**ASSIGNED TASK**
For this exercise, return exactly the lines of the material below that begin at the one with "Reifen Winter Michelin" and stop after the one with "Delcampe - 89 VERMENTON - Le Méridien - Toucy".

**TASK DATA**
* * *
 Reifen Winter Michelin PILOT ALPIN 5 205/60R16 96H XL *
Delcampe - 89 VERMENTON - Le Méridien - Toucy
* * *
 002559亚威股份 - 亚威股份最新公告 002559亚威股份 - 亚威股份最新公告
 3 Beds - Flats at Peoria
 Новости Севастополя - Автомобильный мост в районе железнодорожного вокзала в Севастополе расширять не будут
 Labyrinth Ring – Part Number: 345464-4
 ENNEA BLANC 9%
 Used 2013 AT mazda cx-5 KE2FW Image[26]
* * *
**FINISHED TASK**
 Reifen Winter Michelin PILOT ALPIN 5 205/60R16 96H XL *
Delcampe - 89 VERMENTON - Le Méridien - Toucy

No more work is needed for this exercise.